21 diciembre, 2013

DOMINGO IV de ADVIENTO. Mateo 1, 18-24

EL TURNO DE SAN JOSÉ


Lleno de silencio, mansedumbre y  sueños, camina el patriarca por las páginas del nuevo testamento instruyéndonos en la superación de una difícil manera de vivir, en que algún día se cumpliera la promesa de su vida soñada. 

Ser esposo sin abrazar la dulce carne de María. Ser padre de un Hijo que no era suyo. Ser hombre y, humanamente, no tener destino. Con este triple dolor se fue José a la cama decidido a comenzar de  nuevo, lejos de esta tela de araña indescifrable que había trastornado de pronto sus ilusiones. Dios, sin embargo, ocupó su noche como un mendigo y le pidió que desistiera de su empeño, que no abandonase a María y que fuera el cabeza de familia de una Familia donde todo habría de ser sorprendente, donde el latido de cada corazón eran alientos de paraíso.  Y el amor, mientras, su amor humano temblando en las ramas de la duda, como pañuelo mojado expuesto al viento... Algún torrente de voz debió escuchar en esa madrugada; una cuchilla de luz, acaso, una mano blanda debió sujetarle para siempre los deseos.
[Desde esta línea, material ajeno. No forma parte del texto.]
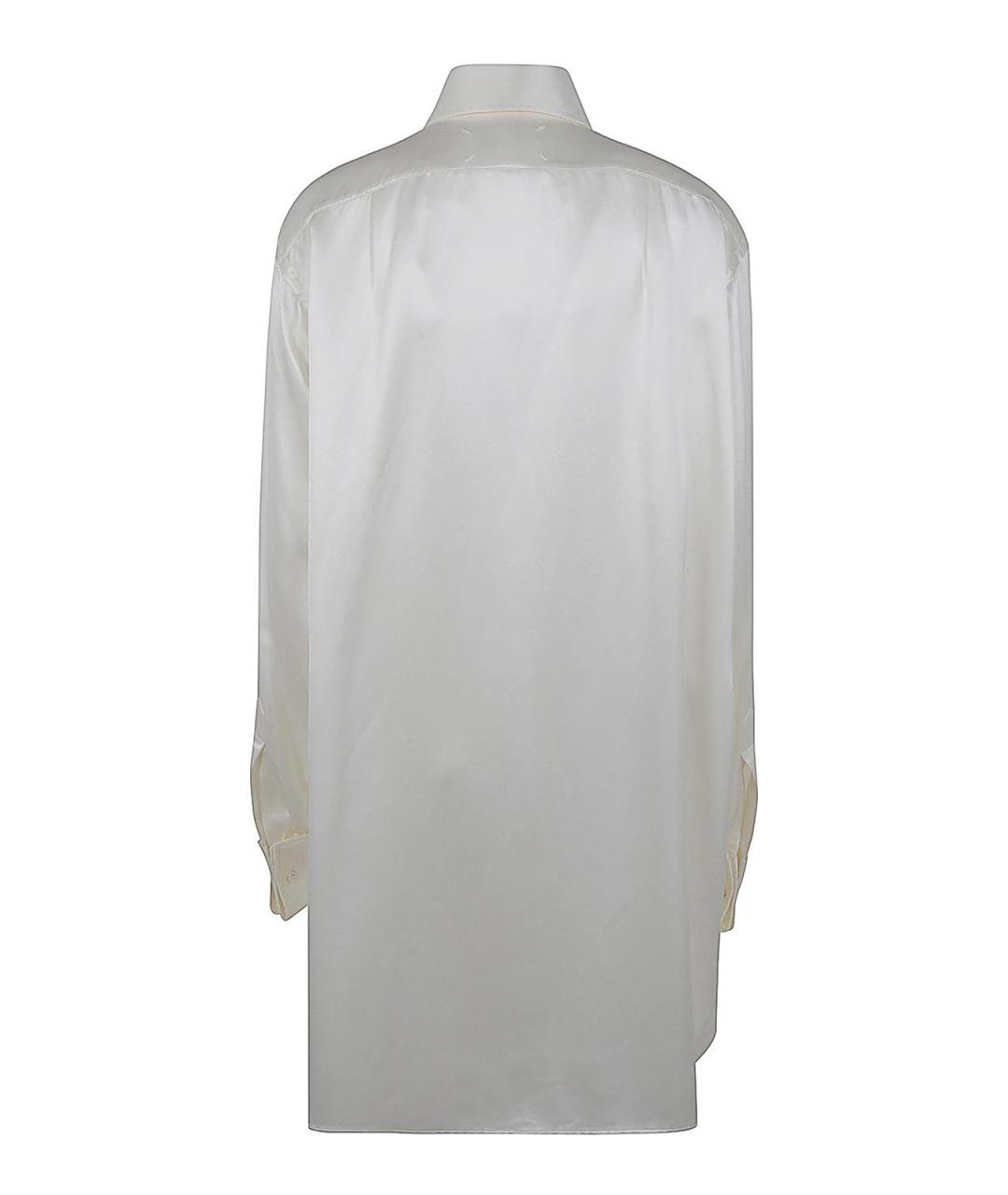 MAISON MARGIELA Белая шелковая рубашка, фото 2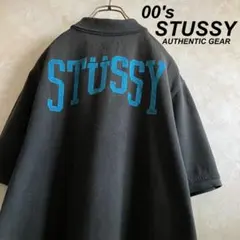 じ*ろ様 Stussy Indigo dye Classic logo crew - メルカリ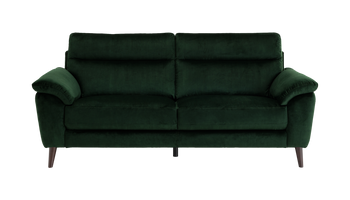 Jayley 3 Seater Fabric Sofa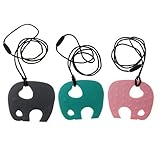 Lovoski 歯おもちゃ　ティースリング　ペンダントネックレス　　シリコン　つかむ練習　形認識　象形　多彩　可愛い　3本入り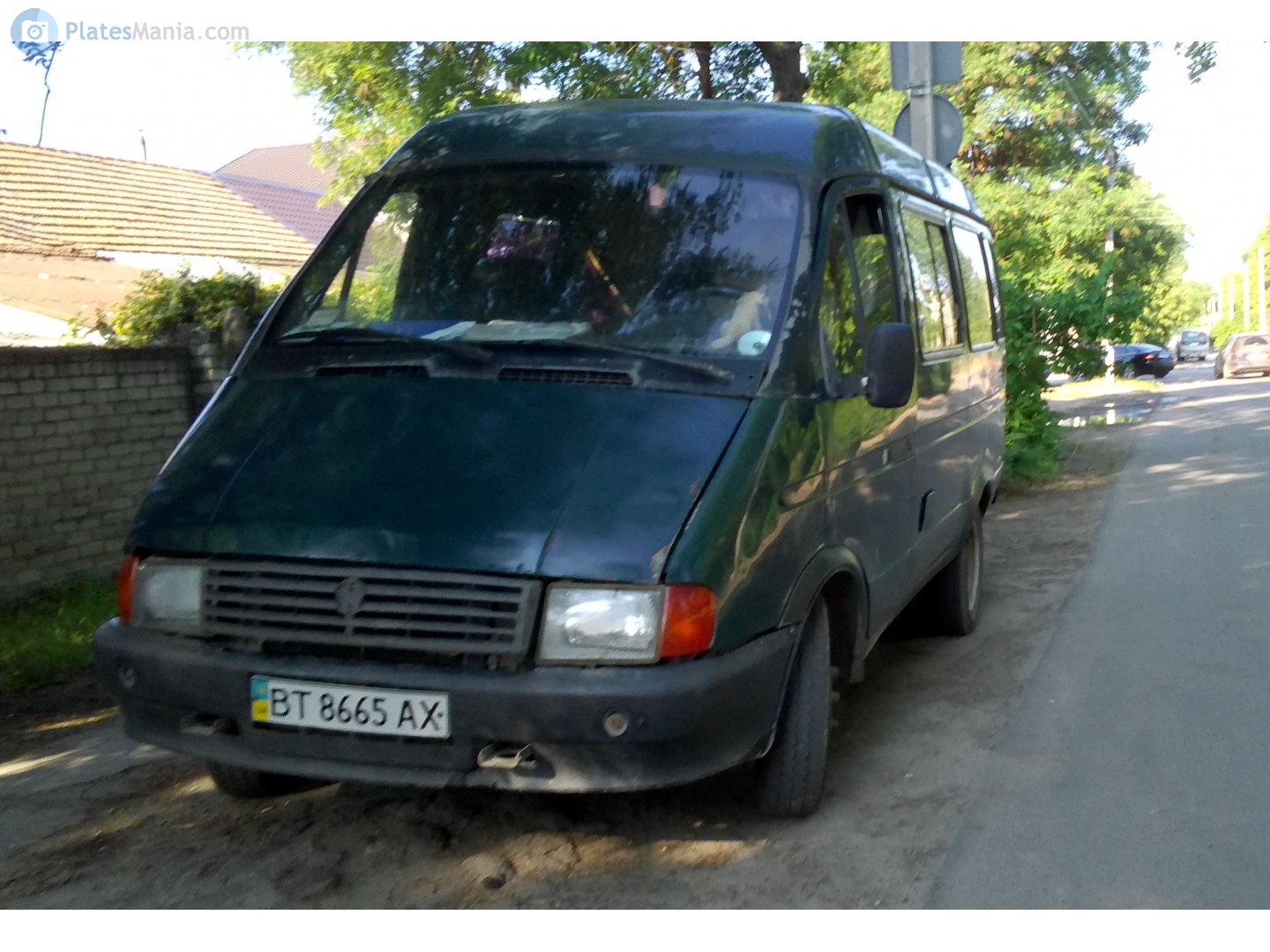 BT 8665 AX, GAZ 3221 ГАЗель 2-3221 Minibus, facelift, 2003–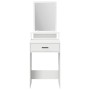 Tocador con Cajones en Blanco 50x41x140 cm de , Tocadores para dormitorios - Ref: Foro24-865127, Precio: 77,59 €, Descuento: %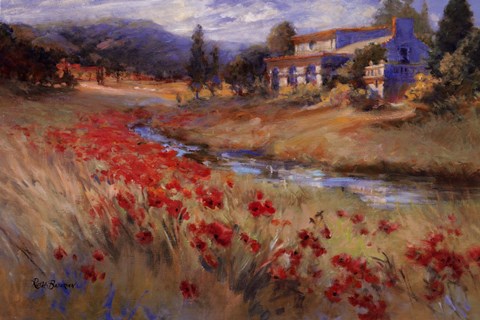 Framed Villa d'Umbria Print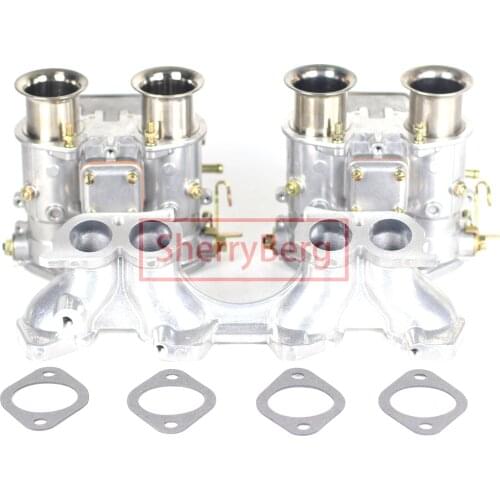 SherryBerg 45DCOE Carburetors + Manifold for Toyota Corolla Starlet 3K 4K 5K Twin Rep. 45DCOE WEBER 45 DCOE Carb Carburettor Kit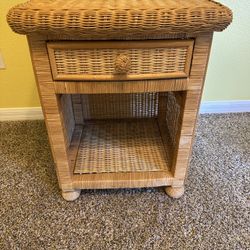 Wicker Nightstand
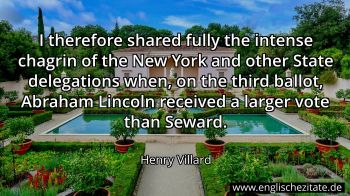 Englisches Zitat von Henry Villard als Bild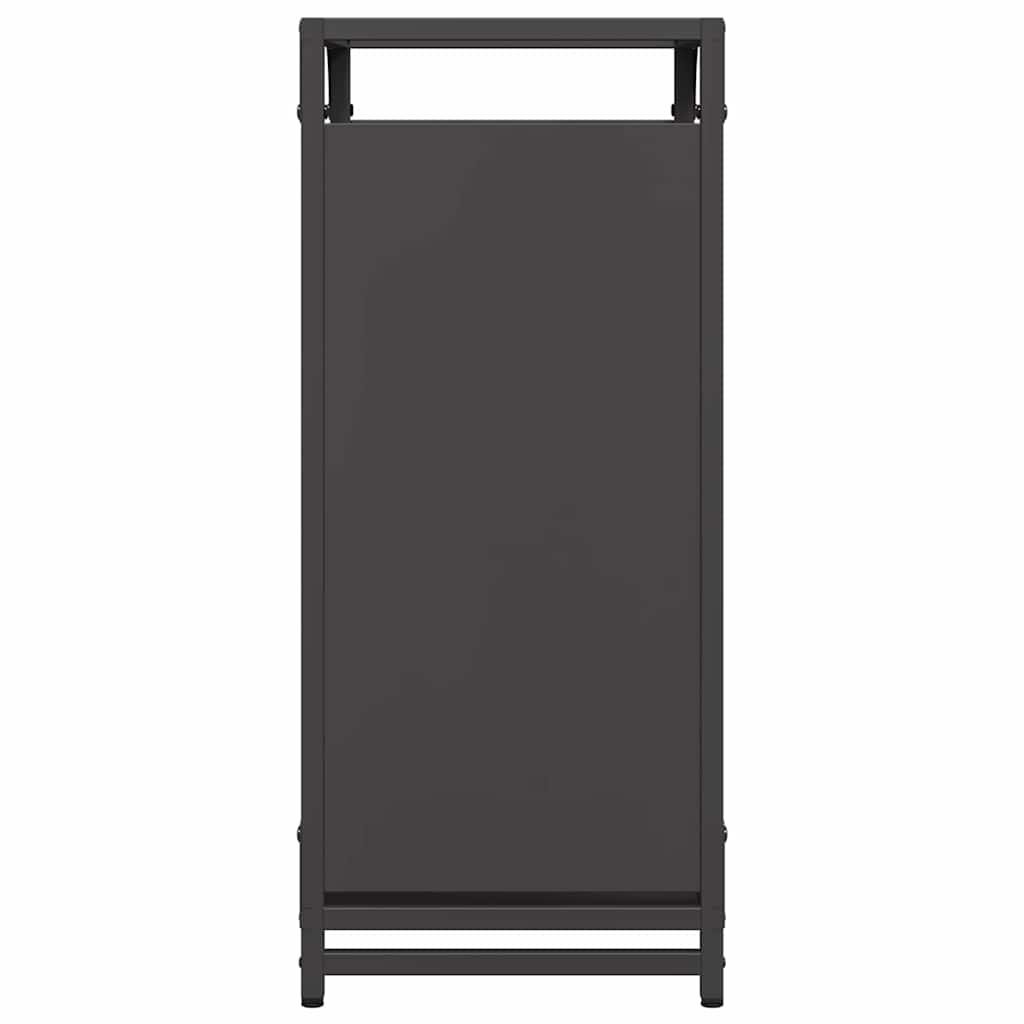 Firewood Rack Black 44x28x65 cm Cold Rolled Steel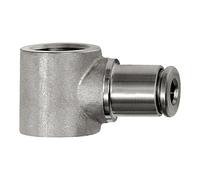 Joint en L G 1/8, pour tuyau extérieur Ø 8 mm, pression de travail max. 15 bar, acier inoxydable 1.4404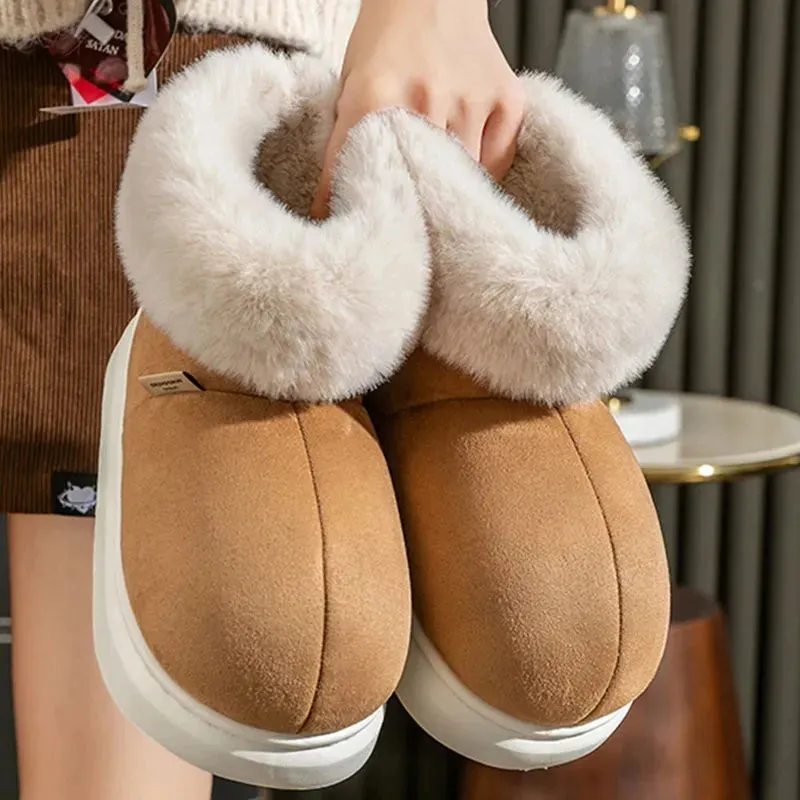 Women's Outdoor Furry Antiskid Snow Boots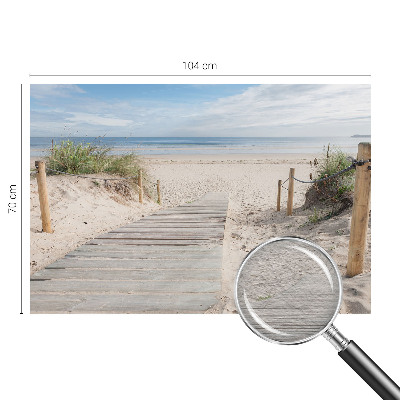 High quality photo wallpaper with a wooden walkway motif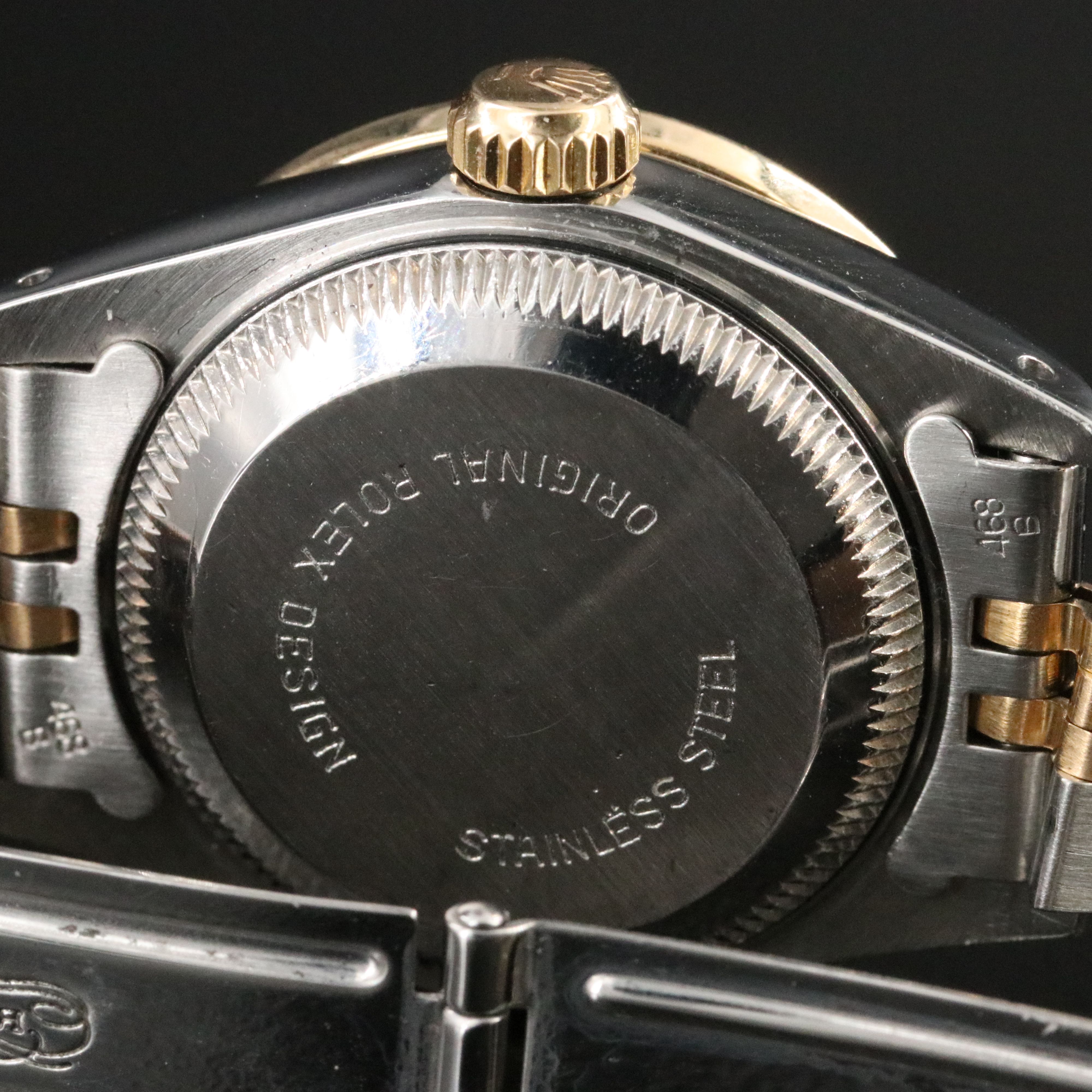 1984 Rolex Custom Diamond Bezel Two Tone Date Watch Model 69173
El caso es que el esposo de la Virgen se acostó como un muchacho y amaneció como un hombre.

Hoy, en este cuarto domingo de adviento, yo le miro como el que se pone delante de un espejo y se ve desfigurado. A él, Dios le pidió fidelidad y supo morirse sin la boca besada: acompañó con elegancia el Misterio sin preguntar adónde iba; amó como los ángeles, sin levantar las alas porque ese fue el precio de su historia. Cuando el sacrificio redunda en salvación, merece la pena cumplirlo. Otros, aún sabiendo el provecho de la misma entrega, seguimos con las alas mojadas... Dios un día nos hará soñar con Él y dejarán de tener sentido otros desvelos, poseeremos la voluntad como aquellos israelitas alcanzaron la tierra prometida.